Moi aussi je suis Barbara. Quinze ans après, le temps passe, les familles restent…

Moi aussi je suis Barbara. Quinze ans après, le temps passe, les familles restent…

Dans son goût des parcours iconiques, Pierre Notte récidive. Après Catherine Deneuve, c’est au tour de Barbara de se voir ériger en modèle dans ce réjouissant règlement de comptes familial, aussi tendre et drôle qu’il est cruel.

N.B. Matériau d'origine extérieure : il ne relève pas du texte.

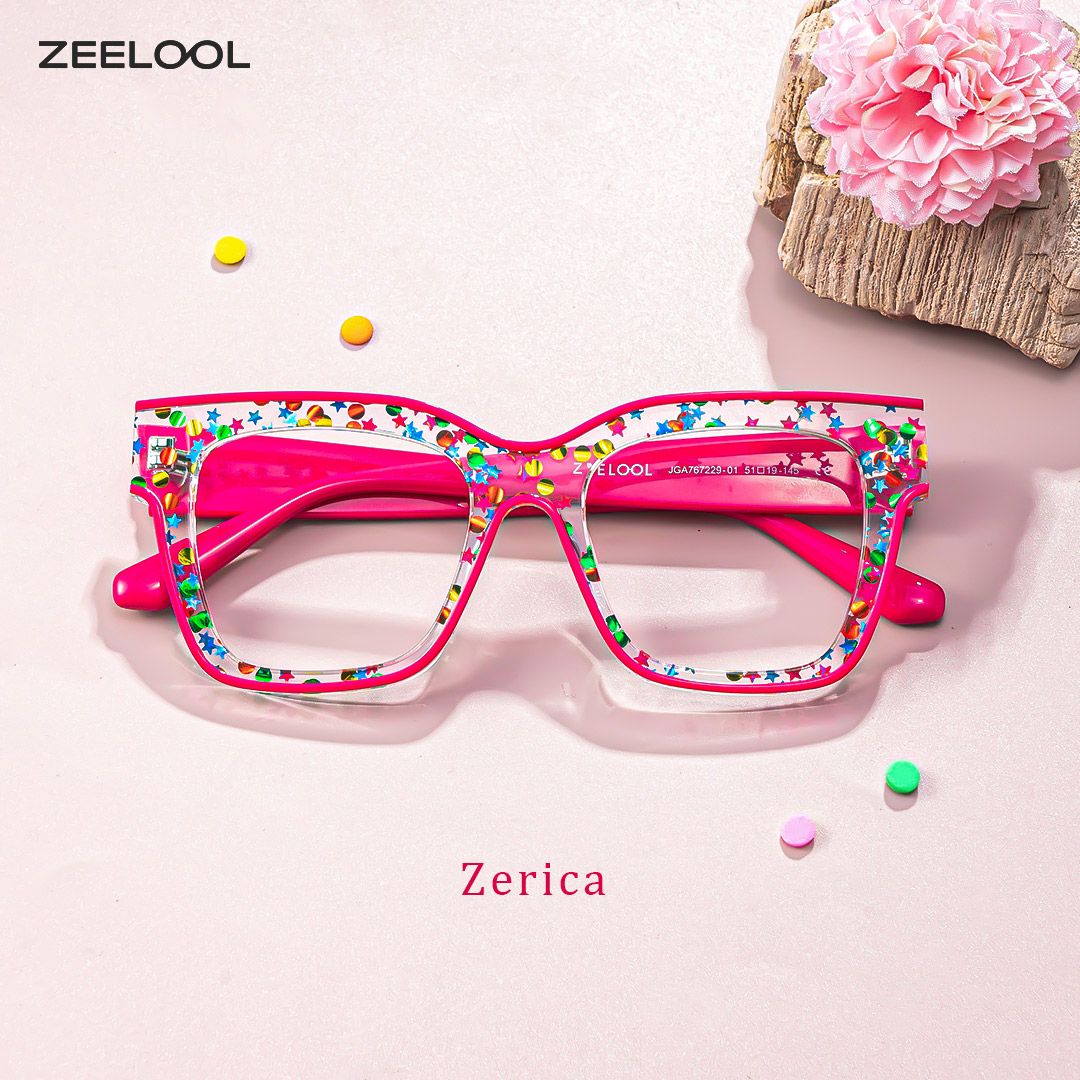 Zerica Rosa-Rot Quadratisch Acetat Brille1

En 2005, Moi aussi je suis Catherine Deneuve, Molière du meilleur spectacle de l’année, promenait sa folie grinçante sur les routes du monde. Avant, il y avait un roman, publié en 1993, dont la chanson-titre évoquait une femme qui avait cessé de chanter et mourait à petit feu de cela avant de renaître à nouveau par la chanson. En arrière-plan, il y avait Barbara à qui Pierre Notte envoie le roman. Elle lui répond. Une émotion partagée, un souvenir omniprésent qui ressurgit quinze ans après lorsque Pauline Chagne propose à l’auteur de substituer Barbara à Catherine Deneuve. Une proposition acceptée par Pierre Notte sous réserve qu’elle en fasse un autre projet, une nouvelle comédie des dévastations familiales contemporaines.

© Thibaut Darnat

© Thibaut Darnat

Familles dysfonctionnelles, communications interrompues

Génération formica. Une femme dans sa cuisine. Elle est mère mais rien ne va plus. Son mari a disparu, elle élève seule ses enfants, deux filles qui sont encore à la maison et un garçon qui en est parti. Le fils, il n’aligne pas trois mots de suite. Il s’est enfermé dans le mutisme. L’une des filles, Marie, se scarifie avec obstination, sans relâche. Mais la seconde, Geneviève, entre en révolte ouverte. Elle refuse de se glisser dans le rôle qu’on lui assigne, de participer aux tâches quotidiennes, elle va même jusqu’à contester son appartenance à cette médiocrité qu’elle vomit en se choisissant un autre nom. Elle sera Barbara, pantalon noir qui deviendra bientôt patte d’éph’, long gilet de la même teinte. Car les choix de la mère, elle ne les supporte plus. Son égoïsme, ses couleurs layette, son poulet aux pruneaux, ses îles flottantes, elle n’en peut plus. Face au triple rejet de ses enfants, la mère, elle, se raccroche à ses fourneaux. Elle a perdu les mots, les mélange, les balance inachevés dans des phrases qui restent en suspens dans un vain espoir de communication. En pure perte…

© Thibaut Darnat

© Thibaut Darnat

Barbara, en arrière et en premier plan

D’une admiration sans borne pour Barbara, la chanteuse qui incarne pour elle la liberté d’être, Geneviève passe peu à peu à l’identification. Son timbre s’affermit et se précise lorsqu’elle chante, elle trouve les nuances de cette voix de tête et de gorge qui caractérise la chanteuse. Elle lui emprunte son langage choisi, sa manière de mettre le monde en images, sa poétique. Elle se glisse dans les tenues de la dame en noir. Elle fait corps avec ce que la chanteuse symbolise. Pauline Chagne en épouse les mimiques, en restitue la diction si particulière, sa manière de percher certains mots, de découper les phrases. De l’Aigle noir à Ma plus belle histoire d’amour en passant par Chapeau bas, dans l'adaptation inspirée de Clément Walker-Viry, au piano sur scène, le spectateur retrouve celle qui l’a enchanté, même dans ses petites manies, ses caprices de star, ses engouements et ses faiblesses. Il navigue entre le présent de la représentation et un passé qui lui est cher.

© Thibaut Darnat

© Thibaut Darnat

Un petit souffle d’espoir dans un monde sans perspective ?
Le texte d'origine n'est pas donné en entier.